Percutaneous pulmonary valve implantation

Percutaneous pulmonary valve implantation (PPVI), also known as transcatheter pulmonary valve replacement (TPVR), is the replacement of the pulmonary valve via catheterization through a vein. It is a significantly less invasive procedure in comparison to open heart surgery and is commonly used to treat conditions such as pulmonary atresia.[2][3]

Percutaneous pulmonary valve implantation
Other namesPPVI, transcatheter pulmonary valve replacement (TPVR)
SpecialtyInterventional cardiology
UsesCongenital defects of the right ventricular outflow tract, failing artificial valves
ComplicationsStent fracture, infective endocarditis
Outcomes92%-98% successful implantation[1]

Uses

PPVI can be used to repair congenital defects in the pulmonary valve or right ventricular outflow tract dysfunction, such as pulmonary atresia, Tetralogy of Fallot, or persistent truncus arteriosus.[4] PPVI can also be used to replace dysfunctional artificial heart valves.[1]

For those experiencing symptoms, PPVI is indicated when the right ventricular systolic pressure is above 60 mmHg and/or when there is moderate to severe pulmonary regurgitation.[4] For those not experiencing any symptoms, PPVI is indicated if there is severe right ventricular outflow tract narrowing and/or severe pulmonary insufficiency, with decreased exercise capacity, progressive right ventricular dilation, progressive right ventricular dysfunction, progressive tricuspid valve regurgitation, right ventricular systolic pressure above 80 mmHg, or cardiac fibrillation.[4]

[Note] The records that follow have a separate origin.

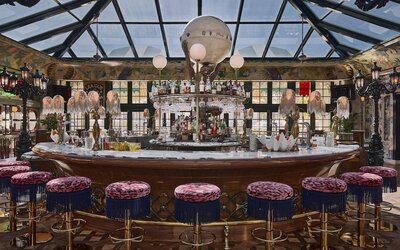Lafayette Hotel & Club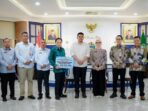 Disaksikan Gubernur Sumatera Utara, Wagub Serahkan Bantuan Kemanusiaan Pemprov Lampung kepada Wabup Tapanuli Selatan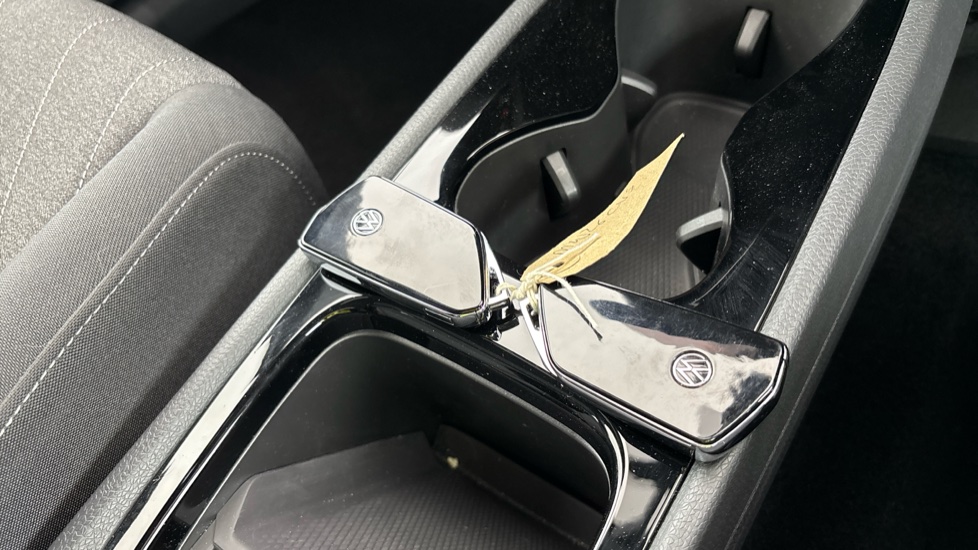 VOLKSWAGEN ID.3 2 keys available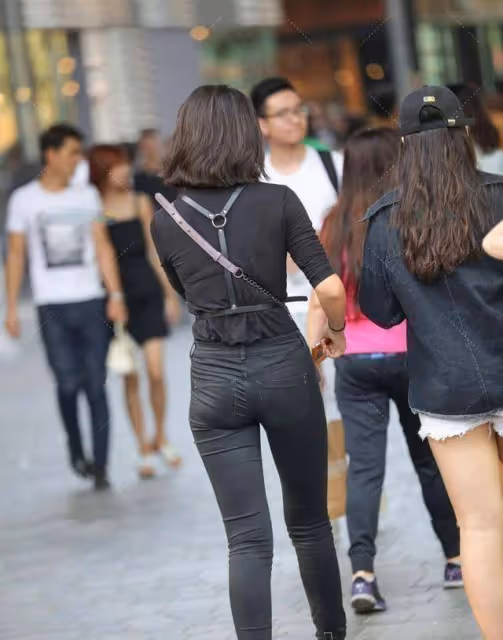 「露胃」時尚褲的女子,到哪都能美成焦點,笑容甜美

For dysfunctional artificial conduits, PPVI immediately resolves pulmonary regurgitation and normalizes the right ventricular outflow tract gradient, and is associated with significant improvements in symptoms and improvements in long-term ventricular function.[1]

Contraindications

Active infection, central vein occlusion, coronary occlusion, and need for other surgeries such as for arrhythmia are contraindications for PPVI.[4][1]

If coronary compression (which impairs coronary blood flow) is observed with balloon dilation in the right ventricular outflow tract, PPVI is also contraindicated.[4] This test is performed to prevent potentially fatal complications, for which approximately 5% of candidates are at risk.[4]

PPVI is not recommended for tracts that are less than 16 mm[4] or more than 29 mm in diameter.[1]

Complications

There is a low incidence of major complications, which is likely due to pre-procedural assessments preventing individuals with unfavourable anatomy from undergoing the procedure.[5]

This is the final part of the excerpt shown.